User Group

[beek]

Hi there,

Recently we are deploying the TM1 model to few other countries. Now I'm at stage of planning the user groups . I noticed there's quite a lot of user groups that I need to create, and I have been cracking my heads for better ways in doing it.. but still no avails. Hence, am thinking of posting my situtation here, to see if anyone can suggest me alternatives

Below is my situation ..
I'm implementing to Country A, B, C, D,E. Product Managers will be using the system. Each product manager takes care of their own group of product, e.g. Product 1, 2, 3, 4, 5.
We have a cube, called sales cube, where stores the sales information.
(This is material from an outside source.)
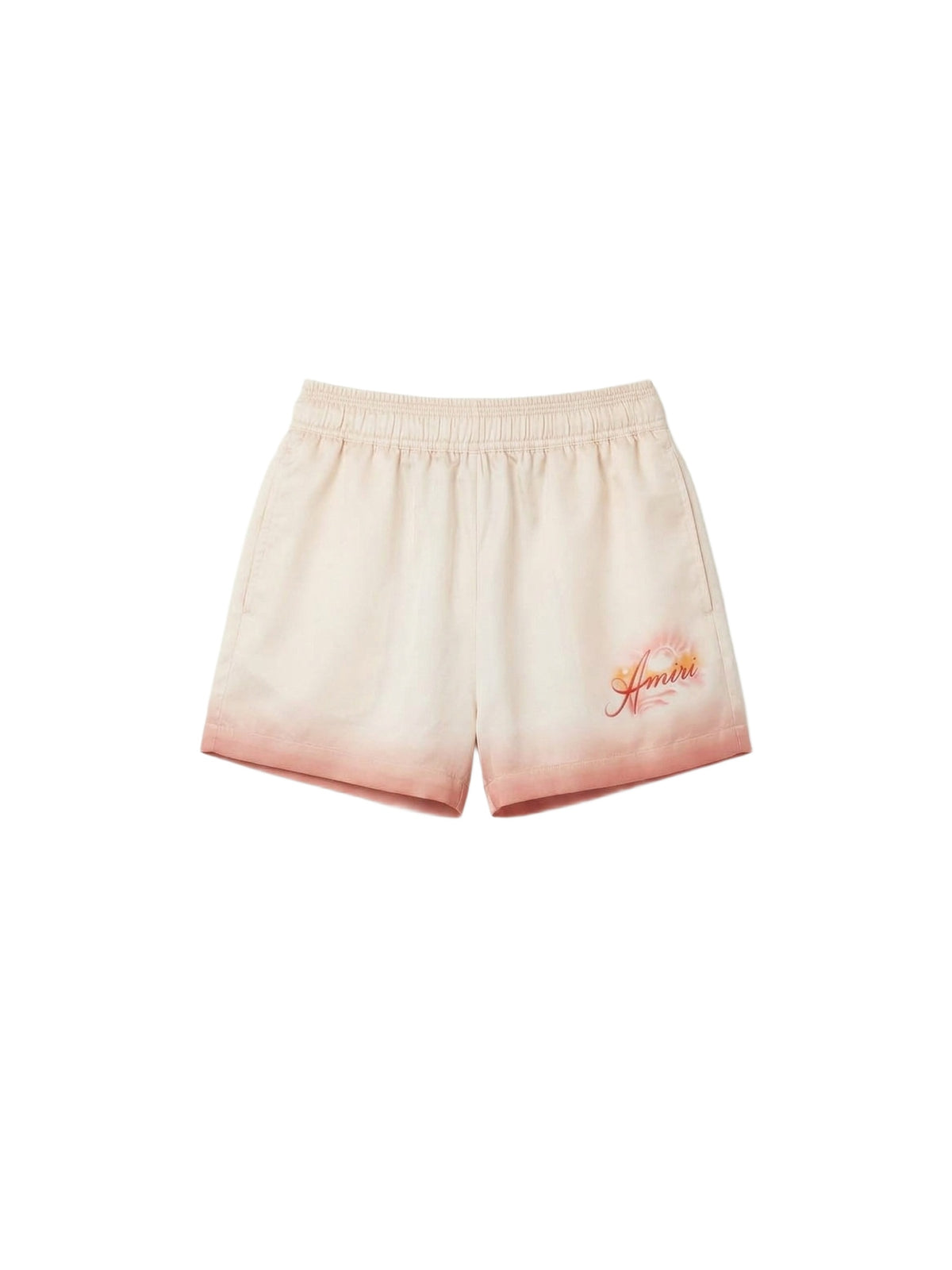 AMIRI PARADISE SHORT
This sales cube consists of all sales data for all these countries, and we want to allow only the right product manager of the right country to have access to his own data.

I plan to have 25 groups. A1, A2, A3, A4, A5, B1, B2, etc.

At the Dimension Security for Country, I allow for all A* to access to only A, B* to access only B, etc.

I create a seperate cube to maintain the security. For A1, access only product 1(and the child under it), A2, access only product 2(and the child under it), , B1 access only product 1(and the child under it), , etc

At the Cube Security, I grant all users to READ Sales cube.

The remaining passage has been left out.